In contrast to other sequencing technologies, the PromethION sequencer is comparatively robust, since it runs only electronics – the chemistry is confined to the disposable flowcells.  Thus, UC Davis scientists can get trained to sequence on the PromethION themselves during downtime periods. For collaborative projects we also sequence on the MinION. Oxford Nanopore is expected to offer a flowcell for small-scale test sequencing soon – the so called “Flongle”.

promethion-histogram
Example histogram of the read lengths of a flowcell yielding 88 Gb for a human cell line (29 x genome coverage). 

High-Molecular-Weight DNA Isolation: Since high quality single-molecule sequencing data depend on highest quality DNA samples, we now offer HMW-DNA isolation as a service (currently for animal samples). 10X Genomics linked-read sequencing has similarly high sample requirements. The applied DNA isolation protocols will vary with the sample types.
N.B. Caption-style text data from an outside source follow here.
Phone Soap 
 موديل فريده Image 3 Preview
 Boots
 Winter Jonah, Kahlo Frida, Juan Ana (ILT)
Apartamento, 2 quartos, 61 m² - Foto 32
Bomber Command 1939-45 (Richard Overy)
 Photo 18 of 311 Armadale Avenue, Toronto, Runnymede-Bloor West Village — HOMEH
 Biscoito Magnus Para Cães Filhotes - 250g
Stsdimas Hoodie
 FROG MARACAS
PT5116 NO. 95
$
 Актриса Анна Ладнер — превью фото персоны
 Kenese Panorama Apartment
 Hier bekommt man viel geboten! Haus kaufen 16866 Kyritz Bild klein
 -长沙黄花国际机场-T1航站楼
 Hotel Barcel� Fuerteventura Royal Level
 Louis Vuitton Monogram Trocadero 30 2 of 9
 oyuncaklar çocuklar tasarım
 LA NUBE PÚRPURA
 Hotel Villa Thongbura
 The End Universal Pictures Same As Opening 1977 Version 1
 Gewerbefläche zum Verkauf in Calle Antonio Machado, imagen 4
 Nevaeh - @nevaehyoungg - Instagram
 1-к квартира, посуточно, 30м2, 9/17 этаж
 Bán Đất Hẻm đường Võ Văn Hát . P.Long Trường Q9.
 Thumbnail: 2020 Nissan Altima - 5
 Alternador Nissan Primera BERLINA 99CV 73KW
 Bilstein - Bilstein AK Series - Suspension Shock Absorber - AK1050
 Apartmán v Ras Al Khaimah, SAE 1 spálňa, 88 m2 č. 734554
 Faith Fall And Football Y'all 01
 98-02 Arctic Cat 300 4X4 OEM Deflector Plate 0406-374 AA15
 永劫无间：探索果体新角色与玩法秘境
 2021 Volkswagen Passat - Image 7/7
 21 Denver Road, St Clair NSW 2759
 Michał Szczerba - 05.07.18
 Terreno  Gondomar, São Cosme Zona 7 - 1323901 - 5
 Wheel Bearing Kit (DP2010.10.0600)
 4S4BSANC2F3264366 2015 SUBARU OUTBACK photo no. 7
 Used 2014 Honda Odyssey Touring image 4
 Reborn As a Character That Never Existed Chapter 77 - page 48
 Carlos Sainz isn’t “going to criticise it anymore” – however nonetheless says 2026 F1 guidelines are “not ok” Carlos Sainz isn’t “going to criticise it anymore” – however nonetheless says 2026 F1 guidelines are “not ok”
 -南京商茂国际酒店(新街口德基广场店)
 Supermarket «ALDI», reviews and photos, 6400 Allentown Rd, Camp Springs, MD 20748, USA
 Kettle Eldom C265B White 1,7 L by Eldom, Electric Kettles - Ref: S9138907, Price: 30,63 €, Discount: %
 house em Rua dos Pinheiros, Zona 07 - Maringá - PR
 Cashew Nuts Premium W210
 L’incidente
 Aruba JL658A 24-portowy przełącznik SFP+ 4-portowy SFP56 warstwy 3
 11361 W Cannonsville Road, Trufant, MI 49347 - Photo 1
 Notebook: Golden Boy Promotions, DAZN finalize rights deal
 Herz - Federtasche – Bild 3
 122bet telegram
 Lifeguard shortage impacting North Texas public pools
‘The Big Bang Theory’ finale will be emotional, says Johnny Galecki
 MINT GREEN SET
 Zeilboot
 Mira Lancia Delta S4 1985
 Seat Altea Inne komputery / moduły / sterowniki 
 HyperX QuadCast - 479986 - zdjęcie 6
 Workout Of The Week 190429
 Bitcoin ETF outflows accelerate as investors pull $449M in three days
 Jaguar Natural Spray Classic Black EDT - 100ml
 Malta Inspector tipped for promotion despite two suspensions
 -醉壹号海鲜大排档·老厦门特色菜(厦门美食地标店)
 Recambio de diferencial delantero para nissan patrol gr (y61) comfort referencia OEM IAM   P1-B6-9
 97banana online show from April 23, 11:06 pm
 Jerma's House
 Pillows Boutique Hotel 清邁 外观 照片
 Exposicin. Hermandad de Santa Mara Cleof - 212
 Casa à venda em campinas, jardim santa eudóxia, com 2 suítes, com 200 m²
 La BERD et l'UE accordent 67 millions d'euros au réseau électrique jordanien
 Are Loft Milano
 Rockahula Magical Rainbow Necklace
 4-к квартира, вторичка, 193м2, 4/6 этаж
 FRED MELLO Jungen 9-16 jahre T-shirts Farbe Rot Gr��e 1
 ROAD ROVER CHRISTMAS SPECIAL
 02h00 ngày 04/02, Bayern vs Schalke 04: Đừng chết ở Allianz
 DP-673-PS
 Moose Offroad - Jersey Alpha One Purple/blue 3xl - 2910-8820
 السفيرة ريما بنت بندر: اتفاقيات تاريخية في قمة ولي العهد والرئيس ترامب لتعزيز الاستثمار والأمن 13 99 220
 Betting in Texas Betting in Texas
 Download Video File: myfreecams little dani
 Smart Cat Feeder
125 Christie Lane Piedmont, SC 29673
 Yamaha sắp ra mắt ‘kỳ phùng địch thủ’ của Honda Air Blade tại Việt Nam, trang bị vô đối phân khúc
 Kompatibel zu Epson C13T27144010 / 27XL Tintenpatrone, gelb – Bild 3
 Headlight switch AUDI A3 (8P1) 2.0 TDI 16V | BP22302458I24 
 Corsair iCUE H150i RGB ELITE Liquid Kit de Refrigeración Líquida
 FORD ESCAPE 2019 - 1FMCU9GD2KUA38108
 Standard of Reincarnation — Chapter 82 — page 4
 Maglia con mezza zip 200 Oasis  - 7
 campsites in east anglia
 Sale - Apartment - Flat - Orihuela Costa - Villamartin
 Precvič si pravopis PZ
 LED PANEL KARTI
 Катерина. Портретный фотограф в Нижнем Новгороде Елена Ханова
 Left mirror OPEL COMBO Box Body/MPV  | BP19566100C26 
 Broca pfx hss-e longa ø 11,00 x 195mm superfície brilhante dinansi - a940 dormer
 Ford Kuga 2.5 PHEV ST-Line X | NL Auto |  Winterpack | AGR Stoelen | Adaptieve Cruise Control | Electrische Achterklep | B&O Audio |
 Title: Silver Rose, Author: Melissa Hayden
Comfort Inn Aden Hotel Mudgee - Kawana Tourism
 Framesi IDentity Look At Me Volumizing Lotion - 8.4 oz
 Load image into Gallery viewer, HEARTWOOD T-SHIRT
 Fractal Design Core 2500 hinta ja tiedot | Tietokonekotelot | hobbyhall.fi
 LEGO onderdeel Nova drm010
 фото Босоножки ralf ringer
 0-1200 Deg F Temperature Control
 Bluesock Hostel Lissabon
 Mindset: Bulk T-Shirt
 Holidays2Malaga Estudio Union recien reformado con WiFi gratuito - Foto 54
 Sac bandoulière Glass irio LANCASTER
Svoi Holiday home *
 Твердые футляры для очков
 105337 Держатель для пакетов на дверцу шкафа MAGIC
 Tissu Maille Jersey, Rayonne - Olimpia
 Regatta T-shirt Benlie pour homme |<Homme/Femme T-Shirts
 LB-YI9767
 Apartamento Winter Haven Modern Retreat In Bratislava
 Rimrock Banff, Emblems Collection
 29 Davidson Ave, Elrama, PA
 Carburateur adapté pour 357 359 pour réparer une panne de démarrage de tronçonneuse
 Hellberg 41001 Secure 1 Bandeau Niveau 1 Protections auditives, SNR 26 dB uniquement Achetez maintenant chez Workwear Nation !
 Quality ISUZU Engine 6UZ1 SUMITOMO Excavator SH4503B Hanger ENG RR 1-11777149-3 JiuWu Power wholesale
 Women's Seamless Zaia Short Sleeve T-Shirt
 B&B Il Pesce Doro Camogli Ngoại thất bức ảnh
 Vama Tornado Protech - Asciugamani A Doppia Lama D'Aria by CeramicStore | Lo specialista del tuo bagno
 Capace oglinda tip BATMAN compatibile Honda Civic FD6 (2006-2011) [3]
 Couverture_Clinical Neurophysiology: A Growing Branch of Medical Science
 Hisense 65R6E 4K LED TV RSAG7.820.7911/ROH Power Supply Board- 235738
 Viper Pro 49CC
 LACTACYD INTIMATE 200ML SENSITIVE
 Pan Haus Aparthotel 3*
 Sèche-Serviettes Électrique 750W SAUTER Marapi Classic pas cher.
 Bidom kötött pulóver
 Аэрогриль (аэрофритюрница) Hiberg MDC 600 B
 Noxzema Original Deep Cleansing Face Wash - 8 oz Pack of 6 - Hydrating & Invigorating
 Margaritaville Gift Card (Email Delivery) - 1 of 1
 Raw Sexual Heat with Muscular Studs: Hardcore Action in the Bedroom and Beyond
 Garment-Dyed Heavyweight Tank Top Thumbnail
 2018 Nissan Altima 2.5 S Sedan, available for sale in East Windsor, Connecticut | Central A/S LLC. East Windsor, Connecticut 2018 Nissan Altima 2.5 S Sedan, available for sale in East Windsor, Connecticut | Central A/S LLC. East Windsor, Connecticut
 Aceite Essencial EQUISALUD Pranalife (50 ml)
Our protocols aim to isolate HMW-DNA samples with mean fragment lengths of 50 kb, or higher, if the sample allows. Longer fragments can be expected for examples for cell culture or fresh blood samples. The HMW-DNA isolation service includes DNA sample QC by pulsed field electrophoresis (PFGE), spectrometry and fluorometry.

Hi-C is a genome-wide Chromatin Conformation Capture protocol using proximity ligation. The technology is of special interest for two areas of research: Studies of the three-dimensional genome organization in the nucleus (e.g. topologically-associating-domains; TADs) as well as chromosome-scale scaffolding of genome assemblies. At the moment we do offer hi-C services for animal samples. We are working on a protocol for plant samples.